Visitors can view four works of art, each inspired by a Chinese-language song. On-site, they snap an image of a QR code to listen to the music as they observe the painting.
For example, a Taiwanese Canadian artist, Lady Hao Hao, created the image above. She based it on “Womxnly”, by Taiwanese superstar Jolin Tsai.
Tsai themed her song around anti-bullying, gender, and sexuality. It came as a result of the death of a Taiwanese junior high school student, Yeh Yung-chih.
Yeh repeatedly suffered abuse in the school bathroom until the final incident, which led to Yeh’s death.
“We’re hoping people can listen to the music and try to understand what Lady Hao Hao is telling them,” said Charlie Wu. He’s general manager of The Society of We Are Canadians Too, which organized the Jade Music Festival.
As part of “Seeing” the Music, another Vancouver artist, Li Tung, created a work of art inspired by Singaporean singer Tanya Chua’s “Into the Wild”.
Wu said that this work reflects Li’s love of nature.
Two more Lady Hao Hao works in exhibition
Beijing-based musician Cui Jan led Lady Hao Hao to another burst of creativity with his song “Nothing to My Name”.
“The artist was moved by the straightforward and blunt language of the love song,” the Jade Music Festival states on its website. “While the lyrics remain open-ended, the artist hears the faith of the girl to follow her lover, and the courage of the speaker to demand love despite having nothing.”
Meanwhile, Hong Kong artist Phil Lam’s “Mountain and Valley” influenced her third work.
“Taking on an abstract feel, the artist is inspired by the determination of the singer to climb to the top, even when it seems impossible,” the festival notes. “The numerous obstacles that crop up in life’s climb can push us to the verge of giving up, yet we all still yearn to reach the view at the top, regardless.”

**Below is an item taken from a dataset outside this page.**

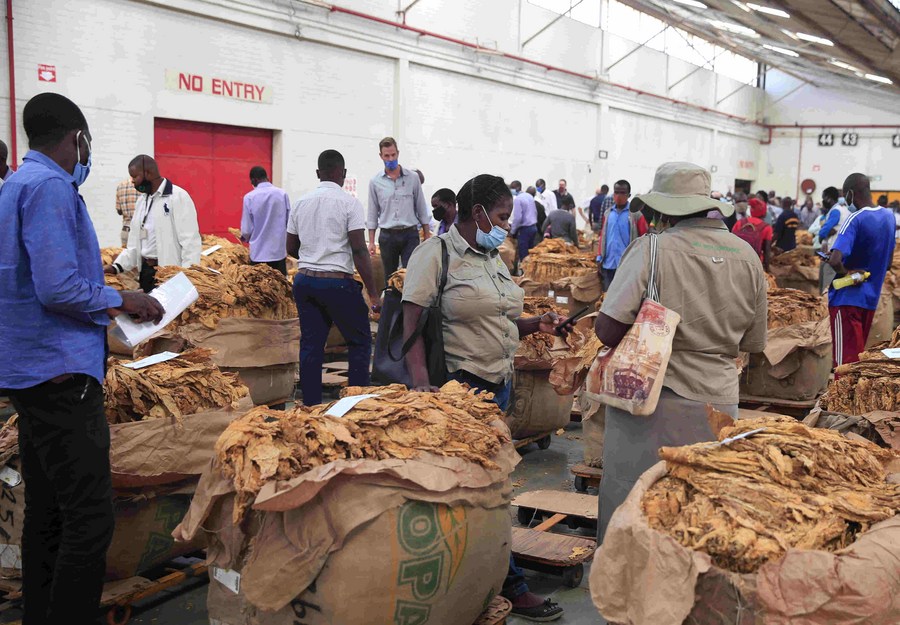 Zimbabwe's 2021 tobacco marketing season commences with high hopes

Lady Hao Hao, like many immigrants, worked hard to learn English and fit into Canadian society. According to the Jade Music Festival website, the “silver lining” of not always succeeding resulted in her relearning her heritage and identity.
“The cultural differences in Canada have also allowed her to appreciate herself as a person,” the website says. “In the world of arts, differences in cultures are easily conveyed; it has opened up the world for her. Finding herself is the biggest gift of her moving to Canada.”
Fest focuses on Chinese-language music
TD is presenting the Jade Music Festival.
The Society of We Are Canadians Too organized events, with the goal of making Vancouver a hub for Chinese-language music production in North America.
Wu pointed out that the Canadian Live Music Association raised concerns about the underrepresentation of BIPOC artists in its 2022 Closing the Gap report.
“Chinese language music fits into that,” Wu said. “In Toronto, Mandarin is the second-most-spoken language.
“In Vancouver Cantonese and Mandarin are the second- and third-most spoken languages, but we have not had music artists that use the language to actually make a career right here in Canada,” he added. “So we think this is the untapped potential for Vancouver.”
He emphasized that other Chinese languages also shouldn’t be forgotten in pursuit of this mission.
To reinforce this, the festival featured Hakka singer-songwriter Yu Han Huanng on Friday (December 2) at the Queen Elizabeth Theatre. She appeared in a lineup that included English-singing pop star Tyler Shaw and singer-songwriters Van Lefan (who sings in English and Mandarin) and Athena Wong (who sings in Cantonese).
Shaw was born in Richmond; Lefan moved to the Lower Mainland as a child; and Wong immigrated to B.C. 10 years ago to attend Simon Fraser University.
“We can produce music here,” Wu said. “We have homegrown artists.”